§ Problem requirements: Within the listing that follows, reproduce exactly the lines starting at the line with "Antique Cast Iron" and ending at the line with "Cash Only Diamond", inclusive, and only those. Pictures are dropped.

§ Data to process:

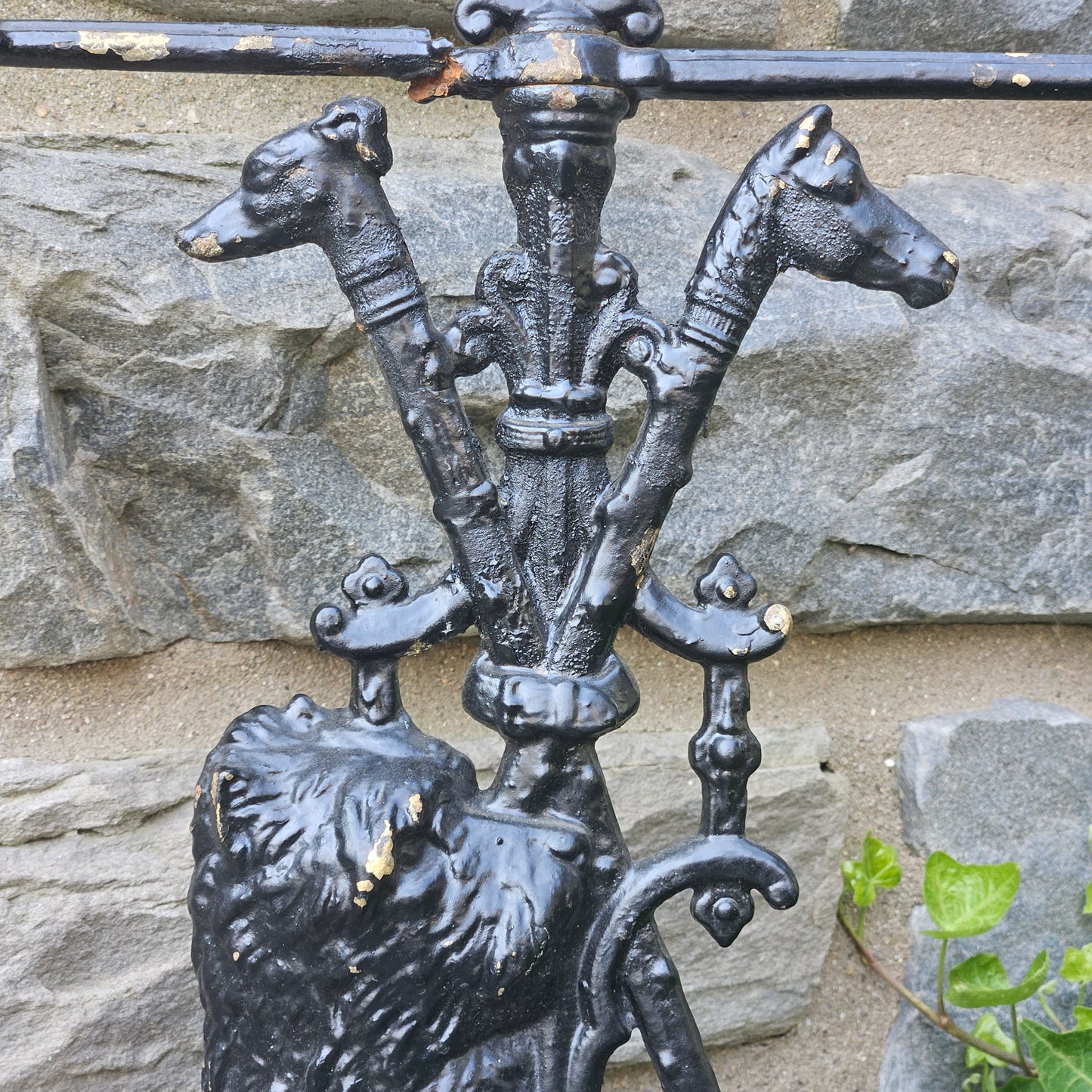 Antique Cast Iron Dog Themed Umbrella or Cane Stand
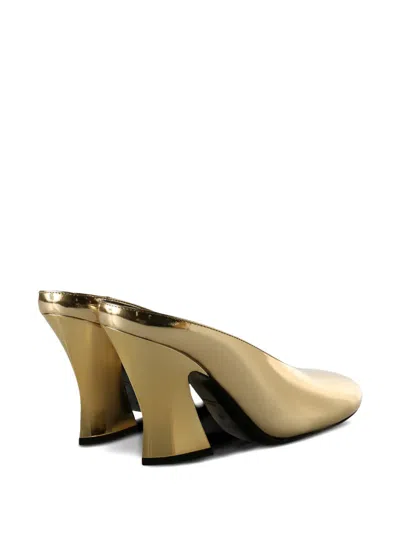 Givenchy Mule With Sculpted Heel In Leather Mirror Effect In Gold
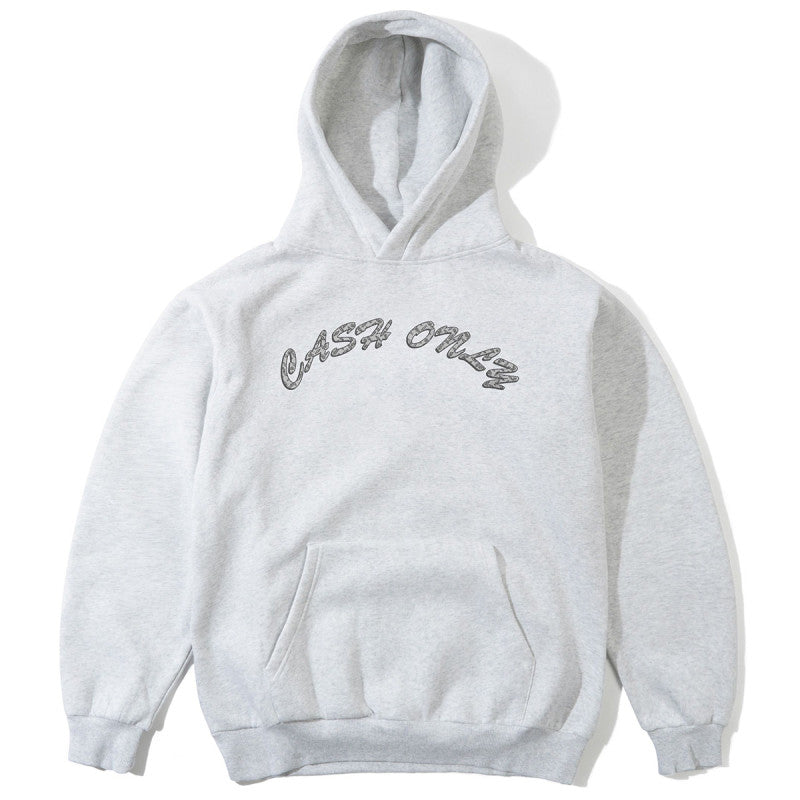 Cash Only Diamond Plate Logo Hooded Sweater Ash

...

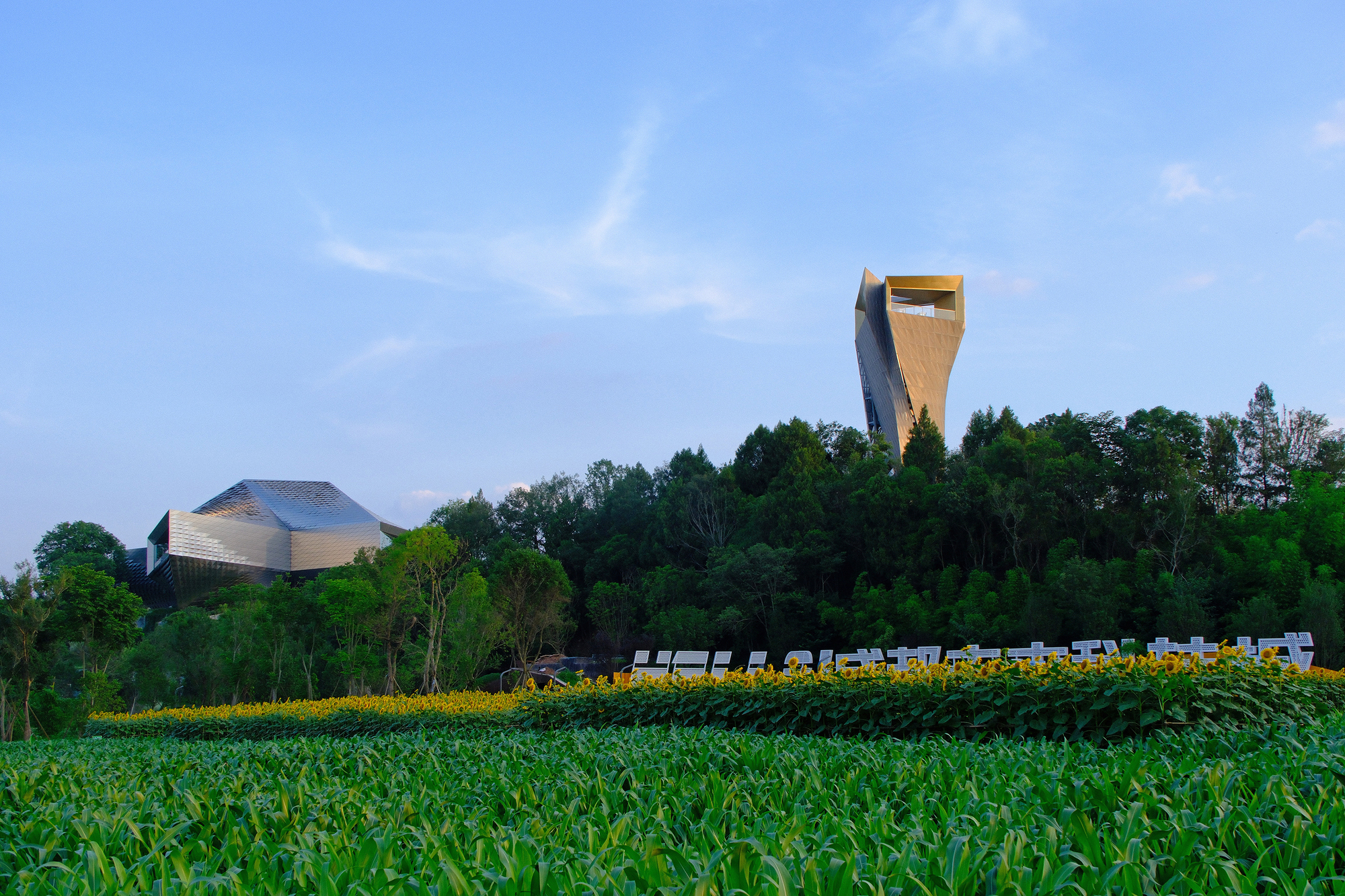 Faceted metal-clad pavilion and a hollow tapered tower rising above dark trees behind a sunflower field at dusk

§ Result below:
 Antique Cast Iron Dog Themed Umbrella or Cane Stand
 Givenchy Mule With Sculpted Heel In Leather Mirror Effect In Gold
 Cash Only Diamond Plate Logo Hooded Sweater Ash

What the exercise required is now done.